The Australian Automotive Aftermarket Association (AAAA) and its Auto Innovation Centre (AIC) facility are gearing up for the electric vehicle (EV) revolution with the launch of a new initiative in collaboration with the Victorian Government’s ZEV Commercial Sector Innovation Fund.
As part of this collaboration, a Ford F-150 Lightning electric ute – the only commercially available model of its kind in Australia – and a Polestar 2 electric sedan have been acquired for training and product development opportunities.
The primary objective of this joint campaign is to support the aftermarket industry during the transition to EVs by providing training and product development opportunities.

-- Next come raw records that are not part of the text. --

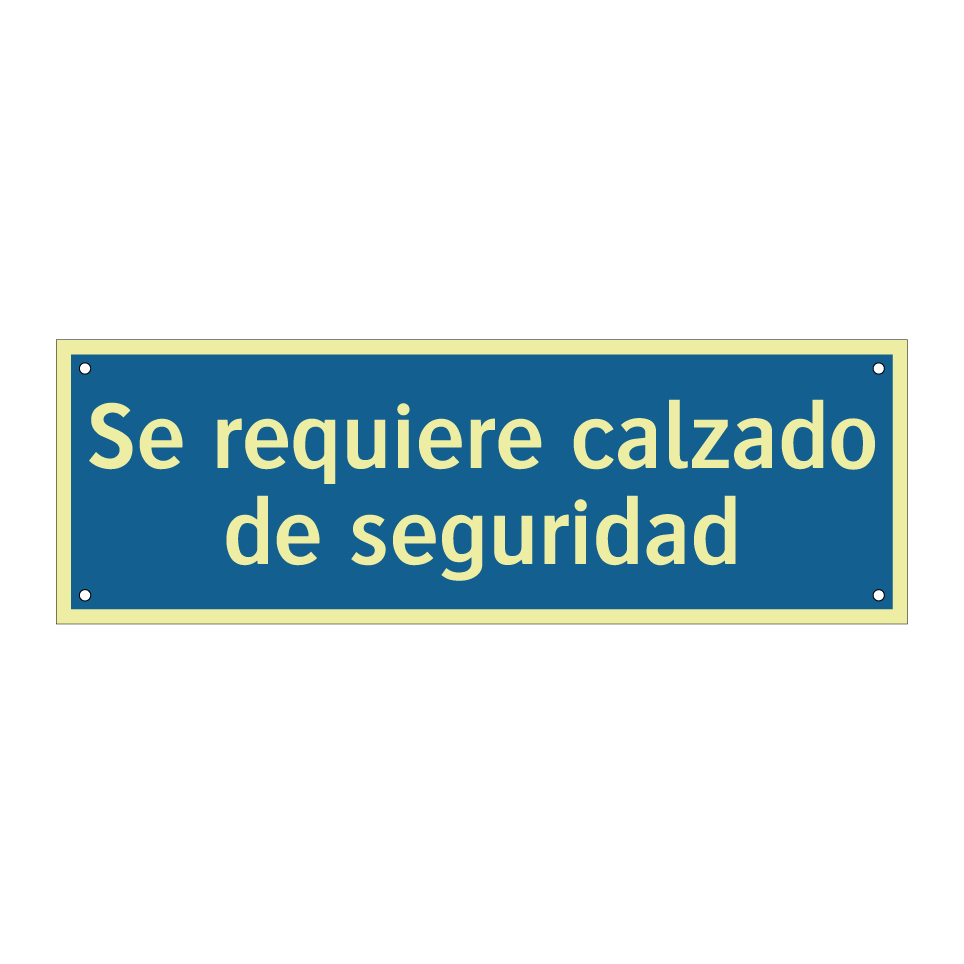 Se requiere calzado de seguridad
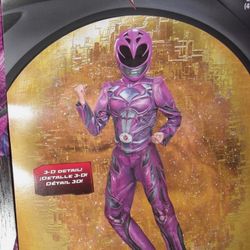 New Power rangers Pink youth size Large halloween costume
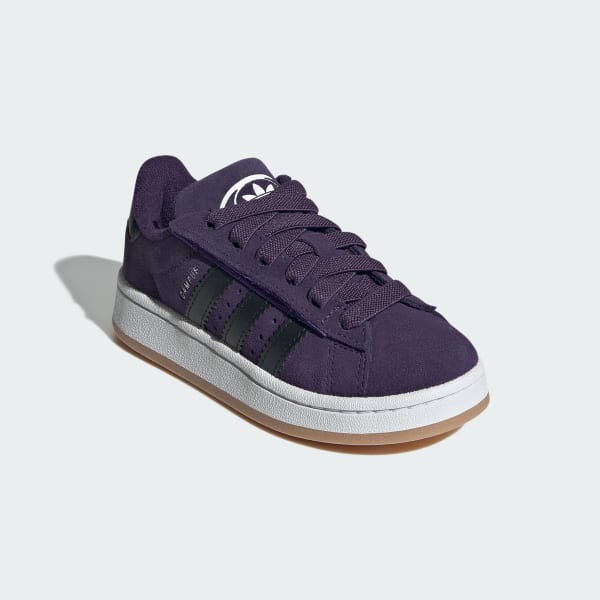 Purple Campus 00s Comfort Closure Elastic Lace Shoes Kids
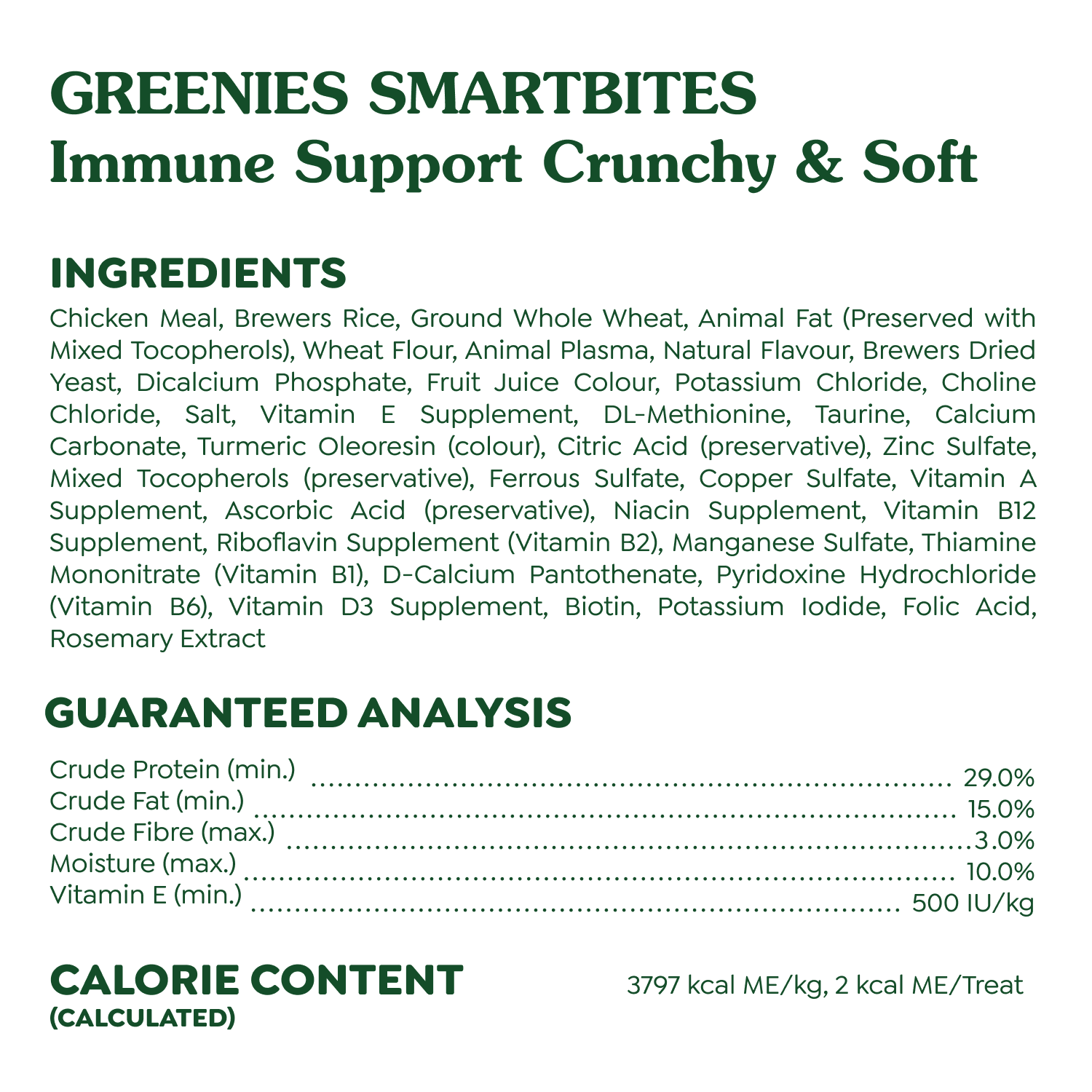Gâteries pour chiens adultes GREENIES SMARTBITES saveur de poulet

Additionally, it aims to encourage the adoption of EVs in Victorian fleets.
AAAA CEO Stuart Charity said it was “vital that the aftermarket is prepared and equipped to service, repair, and modify EVs for commercial use”.
“These vehicles will help us train technicians and guide our strategy and communications surrounding the coming EV transition.”

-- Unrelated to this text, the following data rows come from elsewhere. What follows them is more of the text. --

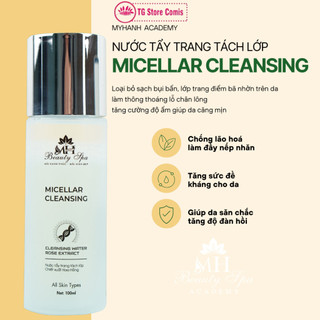 Nước Tẩy Trang Dịu Nhẹ Chiết Xuất Hoa Hồng Cleansing water Rose extract Da Sạch Mịn Sau 2 Phút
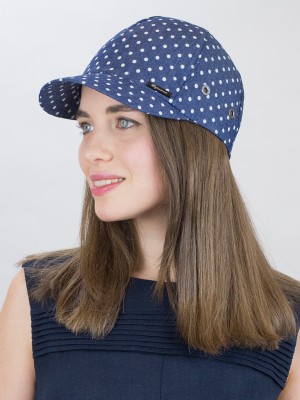 Джинсовая бейсболка цвет синий-белый Л-339Д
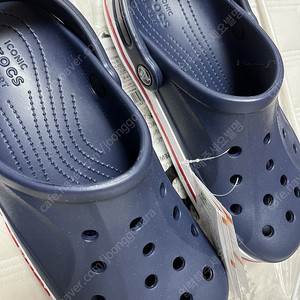 크록스 바야밴드 네이비 260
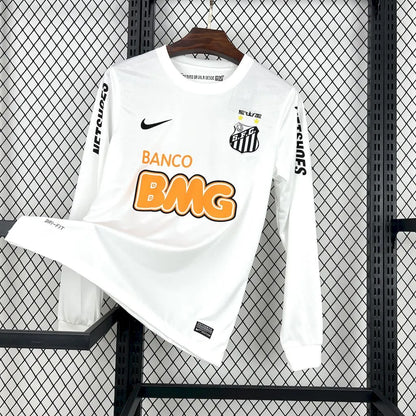 Santos FC Retro Jersey Home Long Sleeves 2012-13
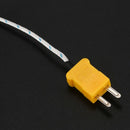2PCS K Type 0-400C Temperature Sensor Thermocouple Probe 2 Meter 6.6Ft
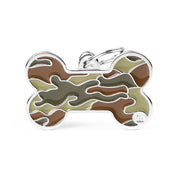 MyFamily Bone Camouflage ID-Hundetag grün, 3.8x2.4cm (1 Stk)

Known for providing automotive scan data and testing services to aftermarket product developers, the AIC is well positioned to execute the AAAA’s EV strategy and help facilitate the industry’s transition.

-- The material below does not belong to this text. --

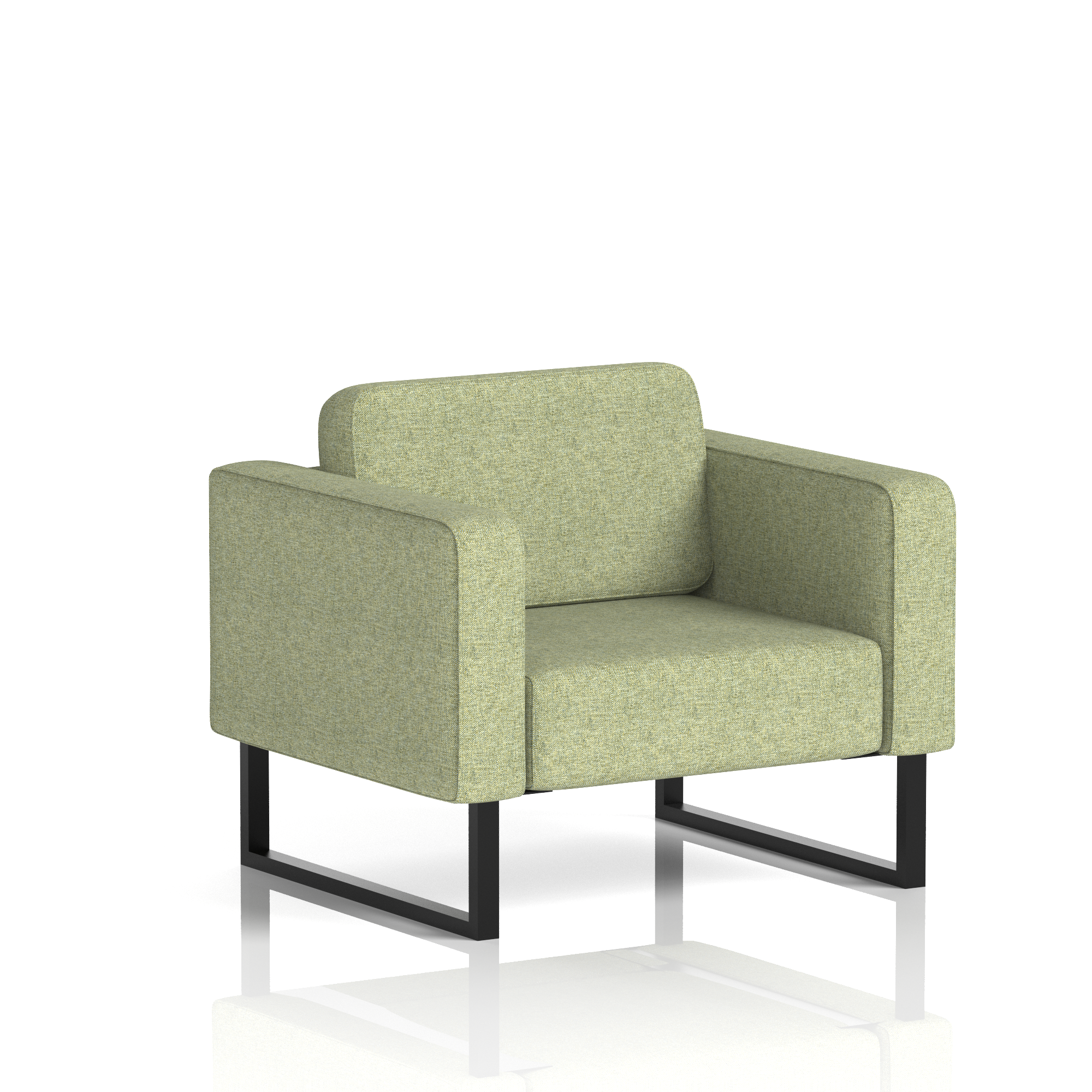 Brixworth Armchair Burnish Band 1 - Rivet BlackThat’s My Office Furniture, 360 Degree View storage, desk, chair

AIC managing director Luke Truskinger said growing demand for EVs is leading to a ramp-up in requirements for training, modifications and testing.
“Our new vehicles will help us understand unique EV requirements to support technicians and aftermarket developers,” he explained.
The AIC plans to conduct a series of tests and modifications on the EVs to evaluate their suitability for various markets and applications.
“Our F-150 Lightning is one of the few full-sized 4WD EVs in the world and is the long-range dual motor variant with an optional towing pack,” said Mr Truskinger.
“The Polestar 2 is a performance long-range dual motor variant and is a great example of a popular passenger EV in Australia.”
Apart from serving as training tools, these EVs will also provide industry access opportunities. Victorian companies involved in fleet vehicle manufacturing and usage within the state can take advantage of special subsidised access to the vehicles.
Mr Truskinger encouraged interested parties to reach out, saying the AIC was “looking for suppliers and modifiers that want to get their hands on these cars”.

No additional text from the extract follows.